■ Task prompt
Beginning with the line that holds "Clipart Car Watercolor - Ice Cream Truck Png" and finishing with the line that holds "thumbnail image 1", repeat the listing exactly, leaving every picture out.

■ Excerpted data
◇ ◇ ◇
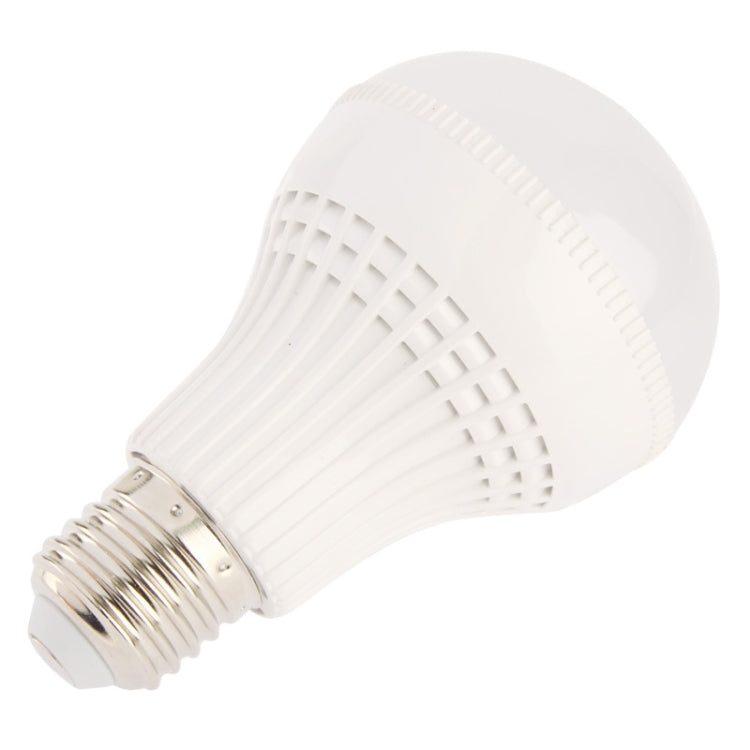 E27 7W White Light 28 LED Ball Steep Light Bulb, AC 85-265V(White)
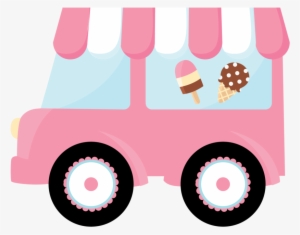 Clipart Car Watercolor - Ice Cream Truck Png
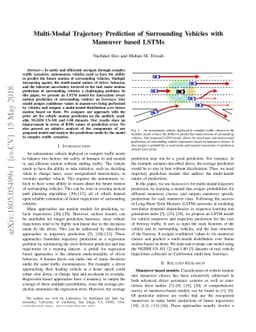 Multi-Modal Trajectory Prediction of Surrounding Vehicles with Maneuver
  based LSTMs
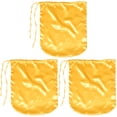 thumbnail image 1 of FONDOTIN 3-Pack Yellow Christmas Drawstring Bags for Holiday Storage and Festive Organization, 1 of 7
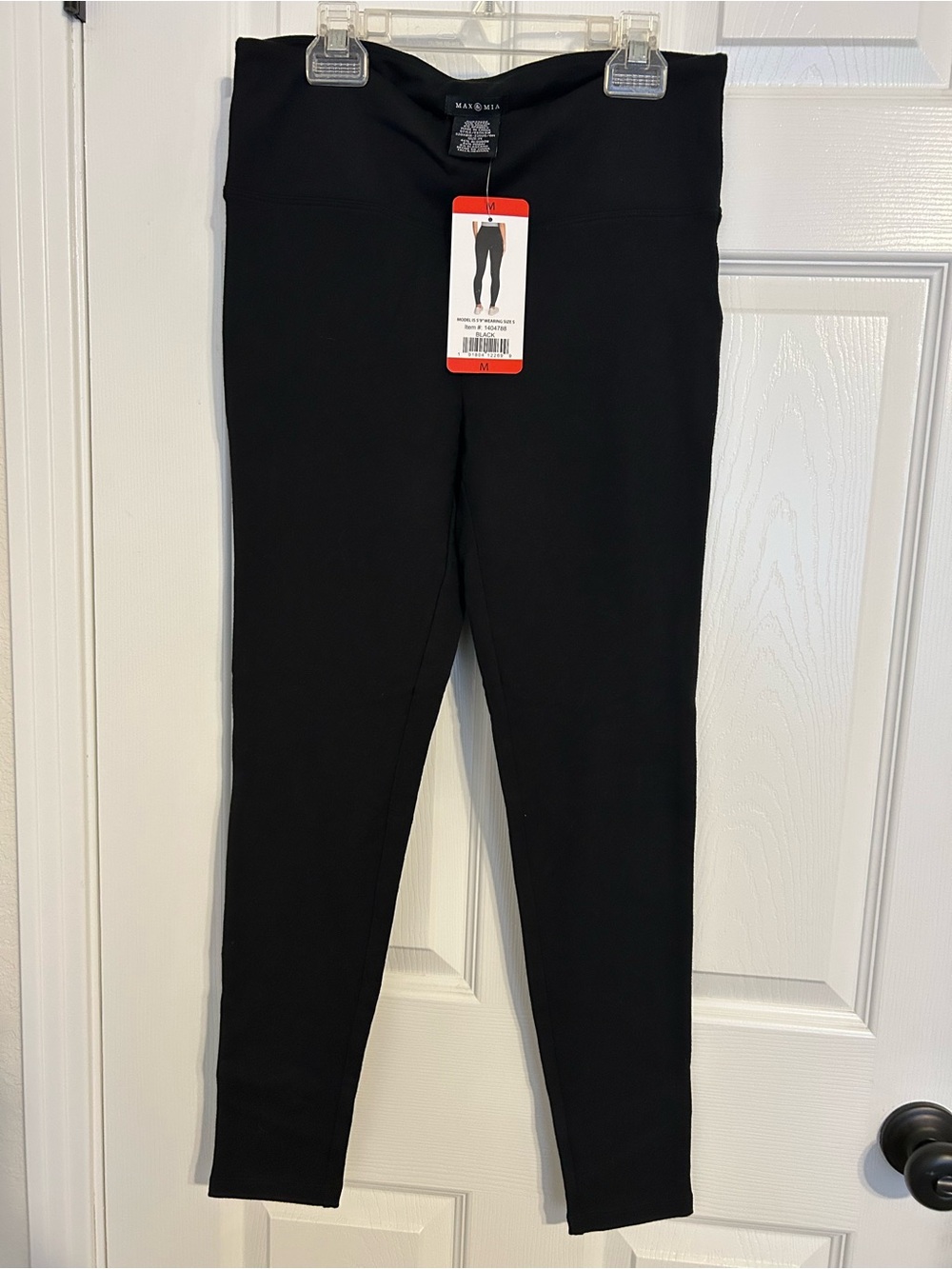 Max and Mia Black High-Waist Performance Leggings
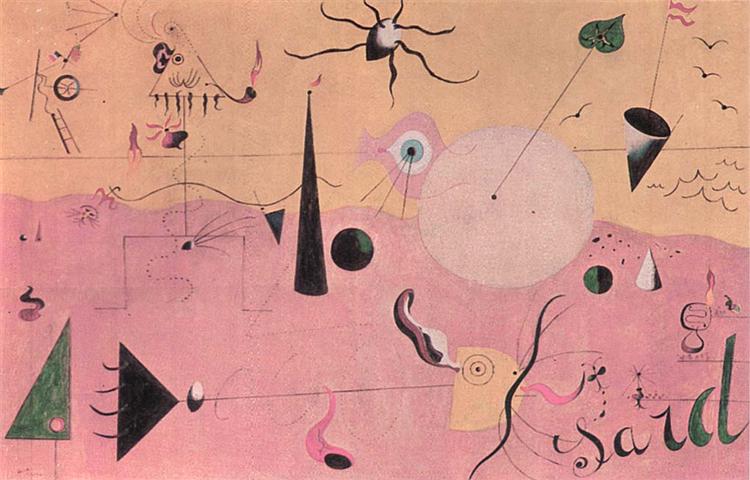 The Hunter, 1923 - 1924 - Joan Miró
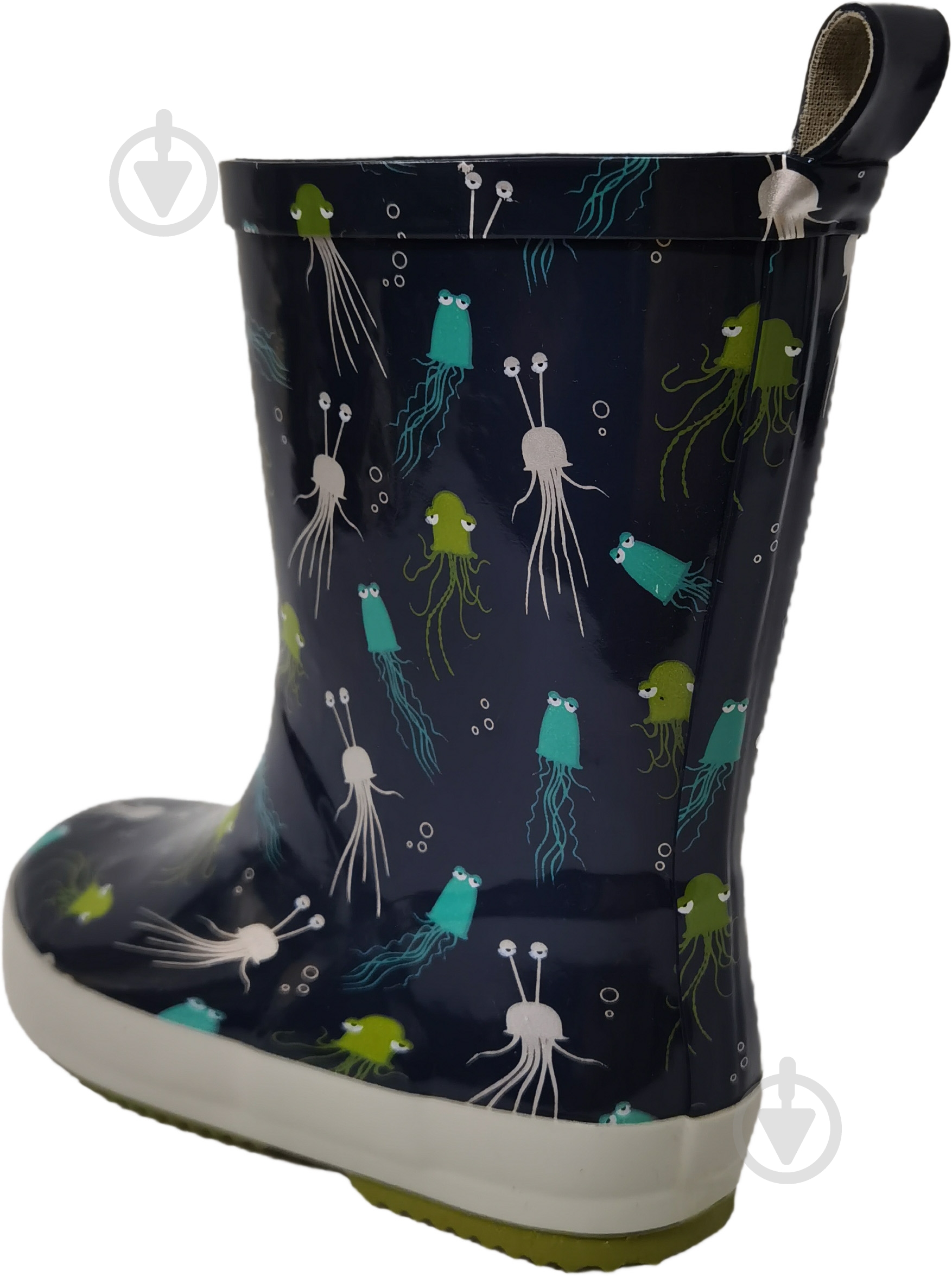 Сапоги резиновые для девочек YuMin Морской размер 30 синий - фото 3 Сапоги резиновые для девочек YuMin Морской размер 30 синий - фото 3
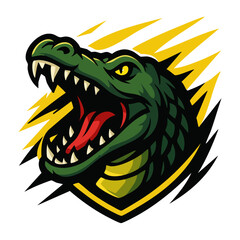 Aggressive Alligator Mascot Roaring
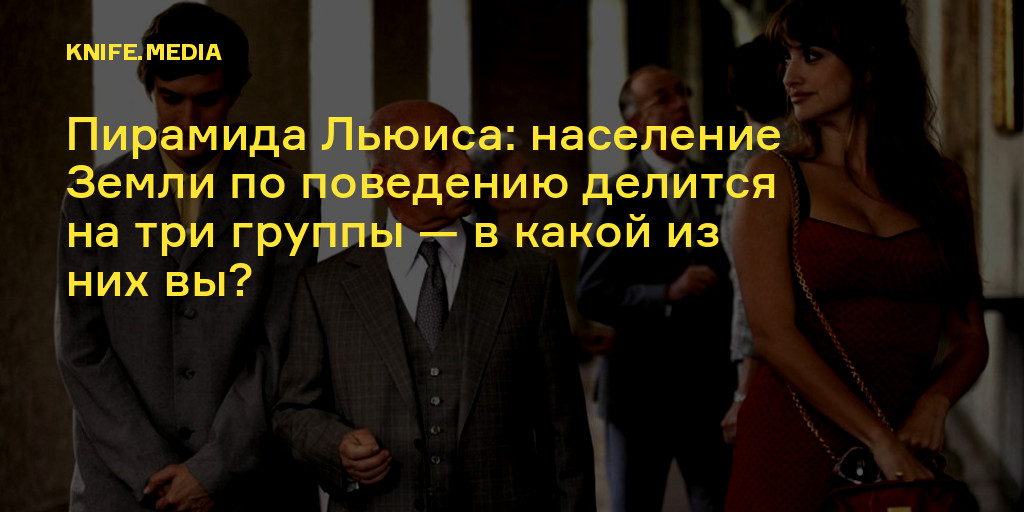 Пирамида Льюиса: население Земли по поведению делится на три группы — в ...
◇ ◇ ◇
■ Task result
 Clipart Car Watercolor - Ice Cream Truck Png
 Multi-Modal Trajectory Prediction of Surrounding Vehicles with Maneuver
  based LSTMs
 thumbnail image 1 of FONDOTIN 3-Pack Yellow Christmas Drawstring Bags for Holiday Storage and Festive Organization, 1 of 7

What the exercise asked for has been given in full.